#### TASK DIRECTIONS:
All that is wanted is an exact copy of the lines below, starting at the one that contains "Balenciaga Wallet - black" and running to the end.

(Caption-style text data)
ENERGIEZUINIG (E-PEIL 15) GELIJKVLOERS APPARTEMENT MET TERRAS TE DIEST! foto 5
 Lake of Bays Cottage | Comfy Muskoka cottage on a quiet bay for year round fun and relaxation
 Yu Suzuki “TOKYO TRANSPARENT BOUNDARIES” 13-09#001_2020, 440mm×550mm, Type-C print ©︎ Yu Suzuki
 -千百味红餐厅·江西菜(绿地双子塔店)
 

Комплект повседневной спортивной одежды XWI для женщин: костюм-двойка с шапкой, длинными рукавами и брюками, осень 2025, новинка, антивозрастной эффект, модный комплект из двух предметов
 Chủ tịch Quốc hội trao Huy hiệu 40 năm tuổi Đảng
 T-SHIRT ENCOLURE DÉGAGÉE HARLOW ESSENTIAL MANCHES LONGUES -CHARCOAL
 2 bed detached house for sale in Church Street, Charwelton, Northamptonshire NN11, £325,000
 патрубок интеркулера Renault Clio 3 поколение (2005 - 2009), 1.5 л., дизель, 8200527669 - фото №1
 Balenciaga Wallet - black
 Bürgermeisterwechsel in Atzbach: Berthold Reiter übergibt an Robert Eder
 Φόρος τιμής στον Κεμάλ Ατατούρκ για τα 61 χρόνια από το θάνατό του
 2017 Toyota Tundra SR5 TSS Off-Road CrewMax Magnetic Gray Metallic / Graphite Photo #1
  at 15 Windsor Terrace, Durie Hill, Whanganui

#### EXERCISE RESULT:
 Balenciaga Wallet - black
 Bürgermeisterwechsel in Atzbach: Berthold Reiter übergibt an Robert Eder
 Φόρος τιμής στον Κεμάλ Ατατούρκ για τα 61 χρόνια από το θάνατό του
 2017 Toyota Tundra SR5 TSS Off-Road CrewMax Magnetic Gray Metallic / Graphite Photo #1
  at 15 Windsor Terrace, Durie Hill, Whanganui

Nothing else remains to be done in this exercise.